Virtual fMRI brown bag: February 18, 2022
Please join us for a talk given by Ilker Yildirim, Assistant Professor of Psychology, Yale University.
Reverse-engineering brain’s world models in the language of objects and generative models
Abstract: When we open our eyes, we do not see a jumble of light or colorful patterns. There lies a great distance from the raw inputs sensed at our retinas to what we experience as the contents of our perception: In the brain, the incoming sense inputs are transformed into rich, discrete structures that we can think about and plan with. These structured representations are what we call “world models” and they include representations of objects with 3D shapes and physical properties, scenes and surfaces with navigational affordances, and events with temporally demarcated dynamics. Real world scenes are complex, yet these world models are efficiently and selectively formed, driving action as task-driven, simulatable representations at ecologically relevant scales of space and time.

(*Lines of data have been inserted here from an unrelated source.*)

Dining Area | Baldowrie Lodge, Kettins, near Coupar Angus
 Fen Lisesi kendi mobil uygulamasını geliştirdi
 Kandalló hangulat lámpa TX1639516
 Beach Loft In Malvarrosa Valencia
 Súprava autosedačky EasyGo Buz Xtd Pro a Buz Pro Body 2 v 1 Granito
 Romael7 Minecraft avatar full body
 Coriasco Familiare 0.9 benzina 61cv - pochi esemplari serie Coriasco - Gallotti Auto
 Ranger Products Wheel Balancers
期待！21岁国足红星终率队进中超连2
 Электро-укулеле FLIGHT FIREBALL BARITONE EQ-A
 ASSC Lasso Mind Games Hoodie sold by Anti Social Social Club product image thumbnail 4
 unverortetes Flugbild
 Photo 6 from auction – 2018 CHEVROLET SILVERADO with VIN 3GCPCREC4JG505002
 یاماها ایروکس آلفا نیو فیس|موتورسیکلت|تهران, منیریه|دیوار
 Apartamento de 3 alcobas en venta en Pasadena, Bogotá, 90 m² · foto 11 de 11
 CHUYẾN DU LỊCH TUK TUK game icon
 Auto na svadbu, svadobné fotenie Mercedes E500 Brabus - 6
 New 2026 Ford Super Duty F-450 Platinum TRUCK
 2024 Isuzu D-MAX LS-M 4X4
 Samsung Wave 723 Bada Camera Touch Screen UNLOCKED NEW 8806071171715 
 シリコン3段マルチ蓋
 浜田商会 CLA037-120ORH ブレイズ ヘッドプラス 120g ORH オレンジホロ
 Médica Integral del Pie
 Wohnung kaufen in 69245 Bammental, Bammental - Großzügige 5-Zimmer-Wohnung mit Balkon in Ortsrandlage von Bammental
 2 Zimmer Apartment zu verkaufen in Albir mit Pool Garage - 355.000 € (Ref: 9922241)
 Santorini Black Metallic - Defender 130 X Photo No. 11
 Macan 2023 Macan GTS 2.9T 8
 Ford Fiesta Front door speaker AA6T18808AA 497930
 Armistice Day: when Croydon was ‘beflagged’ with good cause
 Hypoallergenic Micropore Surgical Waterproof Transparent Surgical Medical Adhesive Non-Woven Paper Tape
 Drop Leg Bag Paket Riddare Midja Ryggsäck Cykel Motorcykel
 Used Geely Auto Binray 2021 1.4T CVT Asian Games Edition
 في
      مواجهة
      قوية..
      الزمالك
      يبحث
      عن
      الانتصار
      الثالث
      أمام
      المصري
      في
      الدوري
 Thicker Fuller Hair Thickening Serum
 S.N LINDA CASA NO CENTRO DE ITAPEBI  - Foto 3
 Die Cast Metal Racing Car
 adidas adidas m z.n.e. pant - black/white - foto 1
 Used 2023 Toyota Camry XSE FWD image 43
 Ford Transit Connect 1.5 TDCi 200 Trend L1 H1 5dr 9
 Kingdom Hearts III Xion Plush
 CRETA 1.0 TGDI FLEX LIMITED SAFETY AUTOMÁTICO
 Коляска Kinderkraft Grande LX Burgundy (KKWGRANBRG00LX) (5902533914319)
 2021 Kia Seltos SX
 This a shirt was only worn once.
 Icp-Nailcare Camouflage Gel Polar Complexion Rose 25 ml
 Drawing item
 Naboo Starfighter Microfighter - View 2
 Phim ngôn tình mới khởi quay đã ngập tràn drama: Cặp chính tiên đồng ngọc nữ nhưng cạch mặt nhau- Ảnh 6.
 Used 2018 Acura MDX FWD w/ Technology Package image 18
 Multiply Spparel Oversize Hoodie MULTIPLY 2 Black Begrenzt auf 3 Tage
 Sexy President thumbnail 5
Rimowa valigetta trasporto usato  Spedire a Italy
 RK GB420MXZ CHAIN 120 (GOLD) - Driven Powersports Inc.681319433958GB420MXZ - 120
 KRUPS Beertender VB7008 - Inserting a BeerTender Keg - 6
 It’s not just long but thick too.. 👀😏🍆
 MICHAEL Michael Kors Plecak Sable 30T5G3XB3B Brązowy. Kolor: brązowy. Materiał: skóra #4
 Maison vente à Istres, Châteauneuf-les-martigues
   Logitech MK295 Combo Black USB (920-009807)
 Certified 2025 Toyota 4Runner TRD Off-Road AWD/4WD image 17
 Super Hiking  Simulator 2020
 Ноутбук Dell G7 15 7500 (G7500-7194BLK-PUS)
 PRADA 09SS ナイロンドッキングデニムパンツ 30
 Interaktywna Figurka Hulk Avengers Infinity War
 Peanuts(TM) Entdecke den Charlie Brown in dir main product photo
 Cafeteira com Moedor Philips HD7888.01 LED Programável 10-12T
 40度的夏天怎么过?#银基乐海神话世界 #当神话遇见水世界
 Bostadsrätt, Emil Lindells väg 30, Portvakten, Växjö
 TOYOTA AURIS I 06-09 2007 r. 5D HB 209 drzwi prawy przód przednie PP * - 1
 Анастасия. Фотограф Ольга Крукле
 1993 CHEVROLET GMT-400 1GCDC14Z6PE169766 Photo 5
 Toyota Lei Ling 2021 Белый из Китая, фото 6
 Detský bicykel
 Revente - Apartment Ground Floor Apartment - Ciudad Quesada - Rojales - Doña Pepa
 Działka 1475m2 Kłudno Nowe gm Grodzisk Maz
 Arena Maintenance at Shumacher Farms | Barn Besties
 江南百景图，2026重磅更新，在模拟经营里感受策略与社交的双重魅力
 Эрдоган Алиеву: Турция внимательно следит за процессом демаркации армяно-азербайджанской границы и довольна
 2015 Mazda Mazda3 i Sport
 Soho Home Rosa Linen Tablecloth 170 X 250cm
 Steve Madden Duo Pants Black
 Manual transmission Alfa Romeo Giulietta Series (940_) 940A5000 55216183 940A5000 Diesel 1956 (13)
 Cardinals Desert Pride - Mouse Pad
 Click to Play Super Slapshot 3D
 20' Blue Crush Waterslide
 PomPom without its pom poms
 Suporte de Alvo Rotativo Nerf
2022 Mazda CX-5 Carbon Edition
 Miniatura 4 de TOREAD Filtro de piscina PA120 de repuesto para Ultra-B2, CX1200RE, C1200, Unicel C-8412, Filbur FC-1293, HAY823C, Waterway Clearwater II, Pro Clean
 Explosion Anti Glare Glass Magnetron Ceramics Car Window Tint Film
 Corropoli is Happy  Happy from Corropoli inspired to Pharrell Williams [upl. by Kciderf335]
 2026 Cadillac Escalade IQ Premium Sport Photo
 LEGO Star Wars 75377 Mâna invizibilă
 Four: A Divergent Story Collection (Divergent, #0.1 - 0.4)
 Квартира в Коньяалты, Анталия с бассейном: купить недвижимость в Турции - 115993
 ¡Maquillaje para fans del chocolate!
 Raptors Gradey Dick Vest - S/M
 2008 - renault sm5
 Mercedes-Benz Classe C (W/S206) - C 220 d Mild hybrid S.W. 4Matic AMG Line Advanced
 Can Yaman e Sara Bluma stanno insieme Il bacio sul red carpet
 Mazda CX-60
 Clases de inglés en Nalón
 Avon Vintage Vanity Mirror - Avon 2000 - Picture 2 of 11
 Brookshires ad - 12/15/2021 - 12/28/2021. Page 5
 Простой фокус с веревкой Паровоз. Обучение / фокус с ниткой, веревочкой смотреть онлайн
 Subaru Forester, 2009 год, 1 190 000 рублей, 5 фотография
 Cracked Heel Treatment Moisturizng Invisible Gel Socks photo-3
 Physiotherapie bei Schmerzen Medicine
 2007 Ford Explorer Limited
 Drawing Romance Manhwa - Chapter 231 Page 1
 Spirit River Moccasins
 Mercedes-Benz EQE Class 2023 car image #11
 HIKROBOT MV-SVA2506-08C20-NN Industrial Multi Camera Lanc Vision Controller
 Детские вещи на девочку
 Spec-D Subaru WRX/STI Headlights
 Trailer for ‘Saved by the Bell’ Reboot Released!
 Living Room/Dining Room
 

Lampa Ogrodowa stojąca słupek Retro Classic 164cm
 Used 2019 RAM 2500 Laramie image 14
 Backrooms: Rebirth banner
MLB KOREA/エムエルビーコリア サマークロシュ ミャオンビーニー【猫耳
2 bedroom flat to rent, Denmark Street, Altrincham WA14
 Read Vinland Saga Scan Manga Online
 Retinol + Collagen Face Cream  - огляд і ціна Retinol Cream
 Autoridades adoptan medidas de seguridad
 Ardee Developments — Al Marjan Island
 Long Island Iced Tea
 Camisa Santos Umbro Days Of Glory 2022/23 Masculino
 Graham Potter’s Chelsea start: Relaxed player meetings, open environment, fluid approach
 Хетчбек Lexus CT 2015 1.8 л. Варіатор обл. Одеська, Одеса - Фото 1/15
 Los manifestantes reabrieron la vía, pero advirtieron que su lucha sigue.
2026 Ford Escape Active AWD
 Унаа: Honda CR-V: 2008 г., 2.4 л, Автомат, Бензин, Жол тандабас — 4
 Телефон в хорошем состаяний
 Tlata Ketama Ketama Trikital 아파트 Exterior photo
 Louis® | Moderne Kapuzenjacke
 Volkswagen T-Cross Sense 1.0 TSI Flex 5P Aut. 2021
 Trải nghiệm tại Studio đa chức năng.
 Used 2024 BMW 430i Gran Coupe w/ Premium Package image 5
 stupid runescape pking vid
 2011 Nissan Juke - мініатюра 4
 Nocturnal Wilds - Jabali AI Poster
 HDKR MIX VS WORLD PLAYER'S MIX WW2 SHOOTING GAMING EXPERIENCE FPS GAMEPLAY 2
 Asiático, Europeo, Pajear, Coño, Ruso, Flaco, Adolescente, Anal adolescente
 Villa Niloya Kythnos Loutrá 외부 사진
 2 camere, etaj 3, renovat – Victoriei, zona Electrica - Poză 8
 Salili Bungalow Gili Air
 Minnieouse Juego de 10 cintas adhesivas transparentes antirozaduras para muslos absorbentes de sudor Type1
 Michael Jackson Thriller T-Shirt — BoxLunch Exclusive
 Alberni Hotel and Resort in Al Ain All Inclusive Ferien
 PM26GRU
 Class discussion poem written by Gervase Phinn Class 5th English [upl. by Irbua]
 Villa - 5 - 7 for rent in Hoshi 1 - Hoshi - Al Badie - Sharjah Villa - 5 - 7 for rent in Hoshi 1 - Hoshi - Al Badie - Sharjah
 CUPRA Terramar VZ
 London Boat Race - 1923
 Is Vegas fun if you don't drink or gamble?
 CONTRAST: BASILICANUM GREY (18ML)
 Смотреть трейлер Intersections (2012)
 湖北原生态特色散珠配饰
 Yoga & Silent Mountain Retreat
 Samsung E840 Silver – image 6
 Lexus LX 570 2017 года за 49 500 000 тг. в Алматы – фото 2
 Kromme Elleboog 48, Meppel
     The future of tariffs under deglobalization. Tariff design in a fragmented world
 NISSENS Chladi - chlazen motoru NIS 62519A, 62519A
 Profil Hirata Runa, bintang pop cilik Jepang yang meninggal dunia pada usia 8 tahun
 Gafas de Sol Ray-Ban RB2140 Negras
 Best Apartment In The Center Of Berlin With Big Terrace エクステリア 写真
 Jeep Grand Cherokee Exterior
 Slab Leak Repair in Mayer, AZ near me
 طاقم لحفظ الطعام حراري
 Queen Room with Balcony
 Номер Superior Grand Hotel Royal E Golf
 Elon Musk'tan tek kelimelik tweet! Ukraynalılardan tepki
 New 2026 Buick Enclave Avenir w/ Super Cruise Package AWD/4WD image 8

How in the mind and brain do we build and use such internal models of the world? In this talk, I will begin to answer this question by presenting a novel approach that synthesizes a diverse range of tools including generative models, simulation engines, deep neural networks, and methods from information theory. For two core domains of high-level vision, perception of faces and bodies, I will show that this approach explains both human behavioral data and multiple levels of neural processing in non-human primates, as well as a classic illusion, the “hollow face” effect. I will then present ongoing work on a novel account of attention that situates vision in the broader context of an agent with goals; using objective behavioral measurements, I will show how this computational account explains implicit goals and internal representations underlying scene perception.